- [Records]
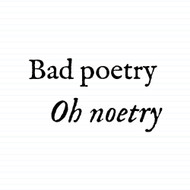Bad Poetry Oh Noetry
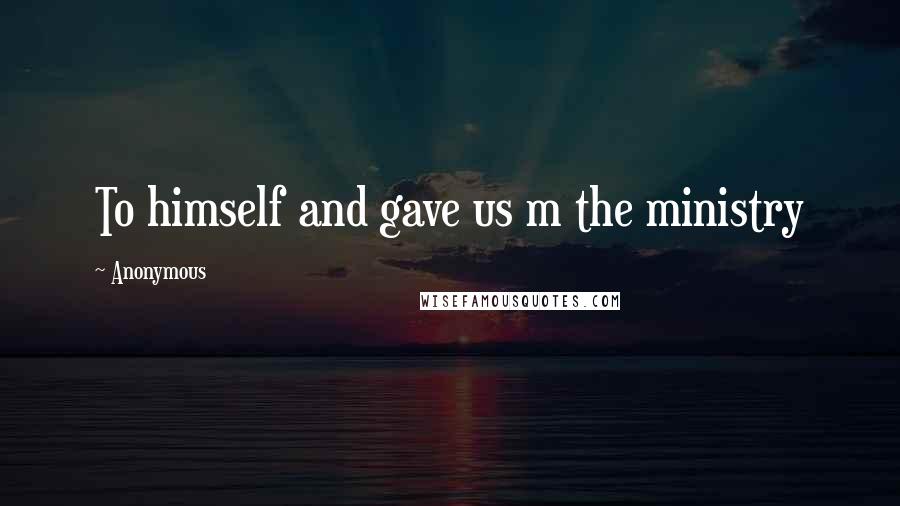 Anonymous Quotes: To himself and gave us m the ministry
==
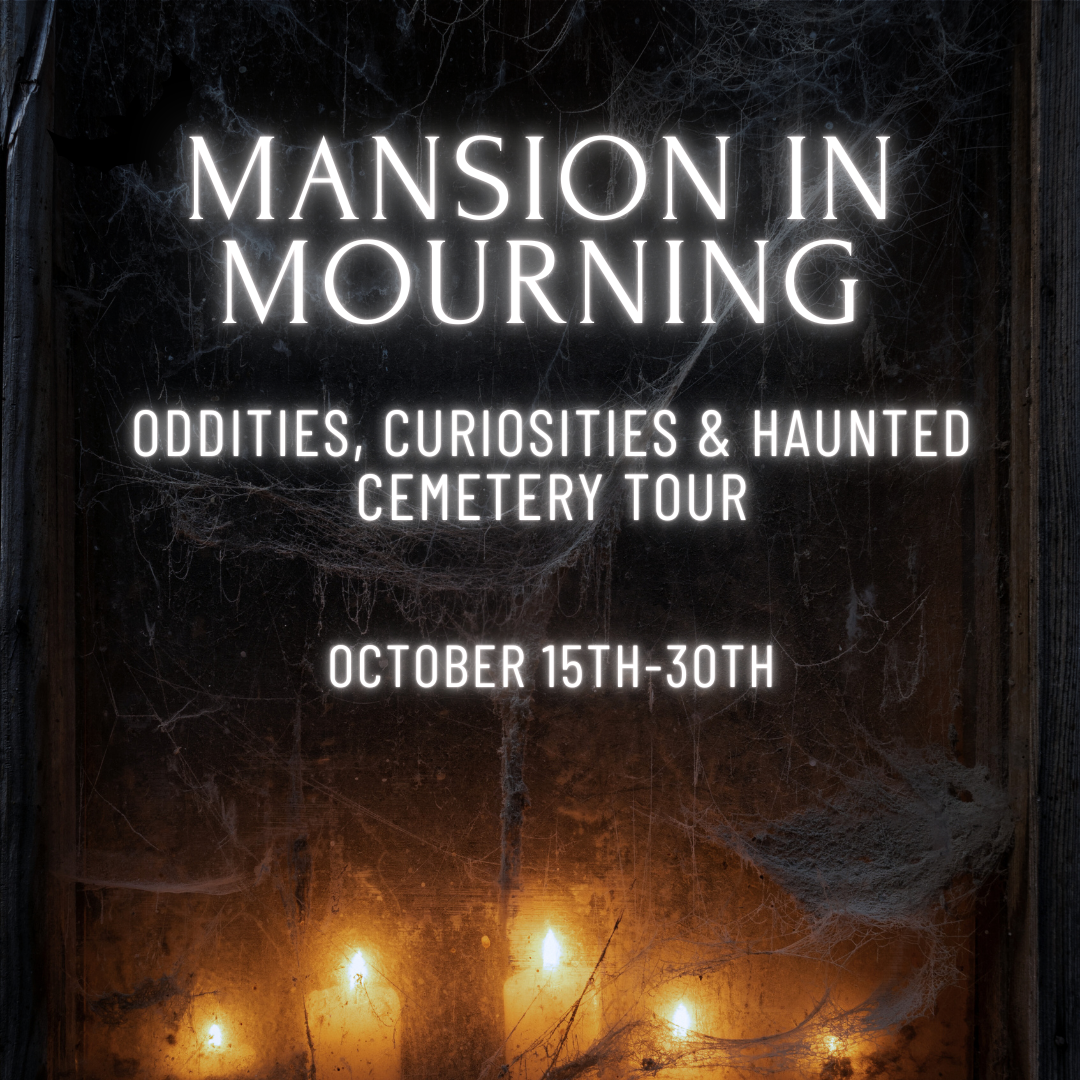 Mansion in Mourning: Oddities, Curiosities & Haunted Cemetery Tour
---
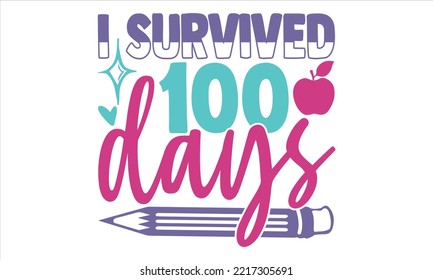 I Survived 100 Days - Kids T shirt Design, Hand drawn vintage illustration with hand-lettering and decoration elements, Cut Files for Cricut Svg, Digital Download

- [Instructions for the task]
In the data above, find the line containing "Bad Poetry Oh Noetry" and the line containing "Anonymous Quotes: To". Repeat those two lines and everything between them exactly, minus the pictures.

- [Finished exercise]
Bad Poetry Oh Noetry
 Anonymous Quotes: To himself and gave us m the ministry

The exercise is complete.